**Exercise details**
With the pictures left out, write out exactly the lines of the listing below that run from the line with "Câmera Kodak Pixpro AZ405" through the line with "AC Mailand Home Retro Trikot 2004-2005".
Segment Start: Stored data
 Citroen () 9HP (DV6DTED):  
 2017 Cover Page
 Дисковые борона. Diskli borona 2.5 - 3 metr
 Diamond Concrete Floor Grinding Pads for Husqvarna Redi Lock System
Segment End: Stored data
Segment Start: Stored data
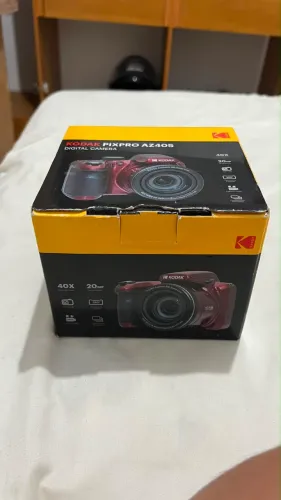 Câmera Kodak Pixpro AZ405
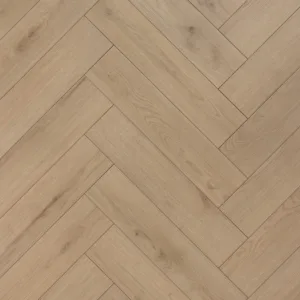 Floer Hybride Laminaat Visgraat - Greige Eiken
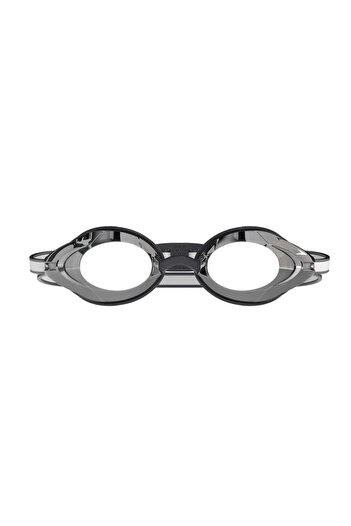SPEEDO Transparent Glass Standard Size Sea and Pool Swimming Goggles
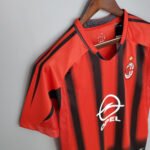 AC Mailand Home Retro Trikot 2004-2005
Segment End: Stored data
**Solved exercise**
 Câmera Kodak Pixpro AZ405
 Floer Hybride Laminaat Visgraat - Greige Eiken
SPEEDO Transparent Glass Standard Size Sea and Pool Swimming Goggles
 AC Mailand Home Retro Trikot 2004-2005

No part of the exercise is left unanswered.